例えば、インクは水性インクですが、新たにこのリフィル用に作られたインクは、従来の水性インクとは比べ物にならないくらい速乾性に優れています。書いた直後に指で擦っても大丈夫なくらいです。また、インクの流出量のコントロールが利いていて、水性ボールペンだと裏写りする紙を使っても、裏写りしませんでした。
この平たい部分も含めて、ペン先全体がリフィルになっている。ペン先のチップ部分は5m程度書くと、その人の筆記角度に合わせて変形し、より馴染む書き味になる
面白いのは、リフィルの形状です。ニードルポイントに似た形状ですが、ニードル部分は短く、またボールペンではないので当然ですが、ペン先に回転するボールはありません。そこにあるのは、小さな溝がいくつも刻まれた樹脂で、その溝から紙に触れた力に応じて必要量のインクが滲み出す仕掛け。

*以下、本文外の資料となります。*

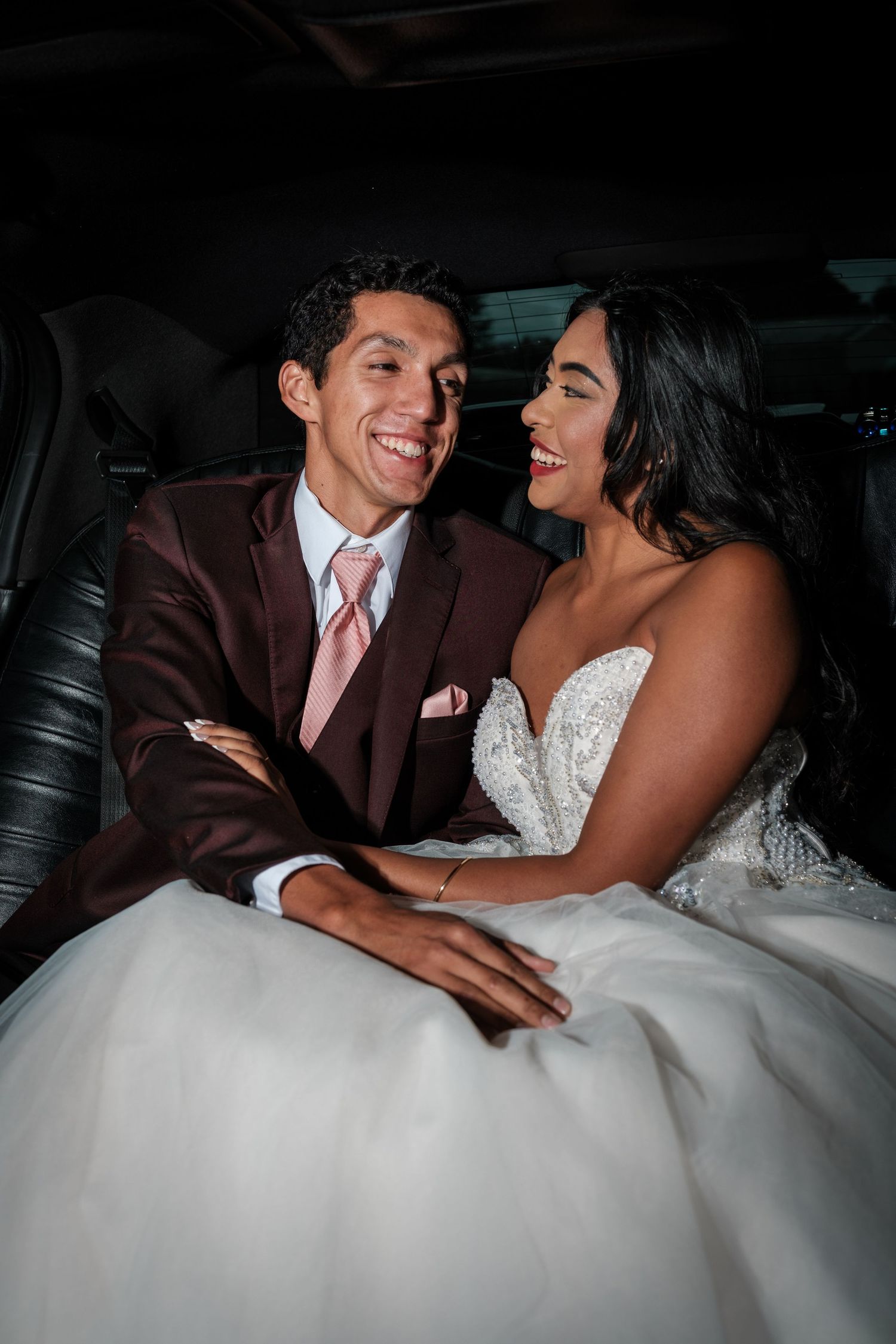 Newlyweds share tender moments together in the back of a luxury car, displaying their joy and affection.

つまり、インクフローに関しては万年筆に近いと言えば近いんですね。先端部が樹脂ですから、紙への当たりは柔らかく、またボールを回す構造ではないので、筆圧ほぼゼロでも紙にペン先が触れればインクが出ます。これも万年筆に近い感じです。従来、万年筆ならではの書き味だった、紙にペン先を置いた、その瞬間から書き始められるスピード感も、「インジェニュイティ」なら手軽に味わえるということです。
リフィルは中字(M)と細字(F)の二種類の太さ、黒と青の二色を用意。価格は1050円
さらに、リフィルは先端部が平たくなっていて、上下にしなる構造になっています。またペン軸の先端に万年筆のペン先に似たフードが用意されていて、リフィルのしなりを受け止めるようになっています。この両者が合わさると、まるで万年筆のペン先のように、筆記時にしなりが生まれて、書き心地は更に柔らかくなります。ただ、この「しなり」による書き心地は、万年筆に慣れた人でないと分からない程度の、ほんとうにデリケートなもので、実際、ペン先の向きに関係なく、スムーズにインクが出るので、書く時のペン先の方向にそれほどこだわる必要は無いようです。